## Work request:
Everything in the entries below must be reproduced exactly, except the images.

##########

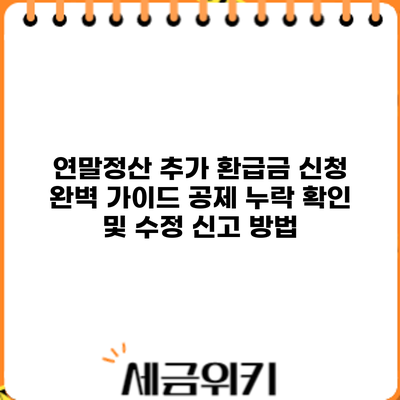 연말정산 추가 환급금 신청 완벽 가이드: 공제 누락 확인 및 수정 신고 방법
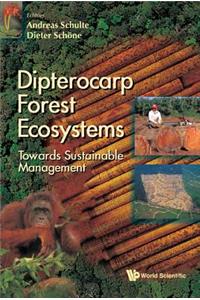 Dipterocarp Forest Ecosystems: Towards Sustainable Management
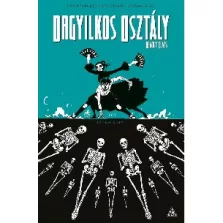 Orgyilkos osztály - Deadly Class 6.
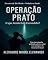 Livro OPERAÇÃO PRATO: O Que Ainda Está Escondido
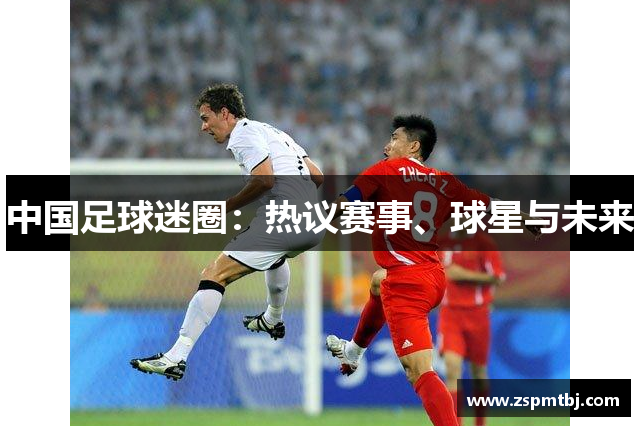 中国足球迷圈：热议赛事、球星与未来
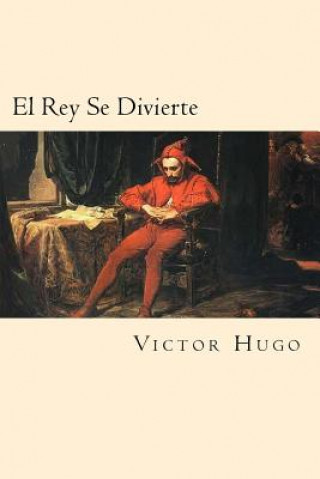 Book El Rey Se Divierte (Spanish Edition) Victor Hugo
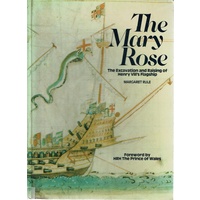 Mary Rose. The Excavation and Raising of Henry VIIIs Flagship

##########

## Task solution:
 연말정산 추가 환급금 신청 완벽 가이드: 공제 누락 확인 및 수정 신고 방법
 Dipterocarp Forest Ecosystems: Towards Sustainable Management
 Orgyilkos osztály - Deadly Class 6.
 Livro OPERAÇÃO PRATO: O Que Ainda Está Escondido
 中国足球迷圈：热议赛事、球星与未来
 Book El Rey Se Divierte (Spanish Edition) Victor Hugo
 Mary Rose. The Excavation and Raising of Henry VIIIs Flagship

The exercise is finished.